A preliminary empirical study to compare MPI and OpenMP

Part of my dissertation work involved controlled experiments to measure the effect of parallel programming model on programmer productivity. Unfortunately, I didn’t have much luck getting these studies published. I just made one of them into a tech report (after being rejected from multiple journals), it’s an experiment that measures the difference in programming effort of MPI vs OpenMP on a programming task.  You can judge for yourself whether it’s any good. Here’s the abstract:

Context: The rise of multicore is bringing shared-memory parallelism to the masses. The community is struggling to identify which parallel models are most productive.

Objective: Measure the effect of MPI and OpenMP models on programmer productivity.

Design: One group of programmers solved the sharks and fishes problem using MPI and a second group solved the same problem using OpenMP, then each programmer switched models and solved the same problem again. The participants were graduate students in an HPC course.

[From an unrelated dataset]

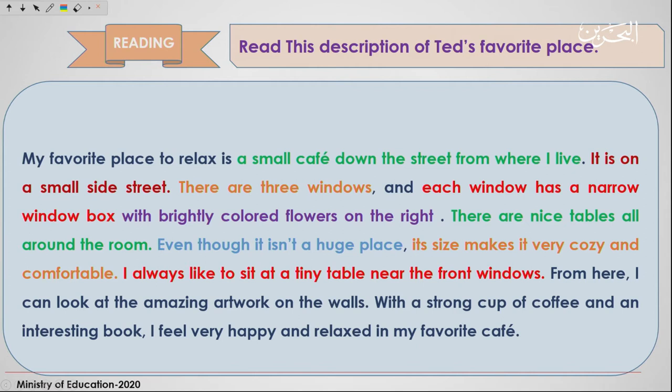Okay, time is up. Let's read it all together. 'My favorite place to relax is a small cafe down the street from where I live. It is on a small side street. There are three windows and each window has a narrow window box with brightly colored flowers. On the right there are nice tables all around the room. Even though it isn't a huge place, its size makes it very cozy and comfortable. I always like to sit at a tiny table near the front windows. From here I can look at the amazing artwork on the walls. Yes, with a strong cup of coffee and an interesting book, I feel very happy and relaxed in my favorite cafe.'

Measures: Development effort (hours), program correctness (grades), program performance (speedup versus serial implementation).

Results: Mean OpenMP development time was 9.6 hours less than MPI (95% CI, 0.37-19 hours), a 43% reduction. No statistically significant difference was observed in assignment grades. MPI performance was better than OpenMP performance for 4 out of the 5 students that submitted correct implementations for both models.

Conclusions: OpenMP solutions for this problem required less effort than MPI, but insufficient power to measure the effect on correctness. The performance data was insufficient to draw strong conclusions but suggests that unoptimized MPI programs perform better than unoptimized OpenMP programs, even with a similar parallelization strategy. Further studies are necessary to examine different programming problems, models, and levels of programmer experience.

4 thoughts on “A preliminary empirical study to compare MPI and OpenMP

    1. Greg:

      If you’re curious, here are the reviews from IEEE Transactions in Software Engineering:

      Reviewer: 1

      Recommendation: Author Should Prepare A Minor Revision

      Comments:
      this is a very good paper about a flawed study.  the flaws are identified in the paper (e.g. sample size was too small) so that is OK.  In fact, its important to publish this study flaws and all so this type of research can grow.  And that is exactly what I hope happens … that others read this paper, note the flaws, and try to repeat similar stuides on their own.  So in that light, please understand that I am not being harshly ciritcal when I mention the flaws up front.

      Another important flaws is that the problem assigned to the students should have been recasted to include optimization. Those of us with years of experience in MPI and OpenMP know that OpenMP programs are easy to create but hard to optimize.  when you include optimization, the benefits over MPI often evaporate.

      Your metric of correctness (page 15) is to vague.  in a future study, it would be nice to have a more quantitative and reproducible measure of correctness.

      there are a few other flaws … but that’s OK.  You identify them up front and in doing so make them part of the contribution of this paper; i.e. people can see them and learn from them so later studies (and I hope there are later studies) can do a better job.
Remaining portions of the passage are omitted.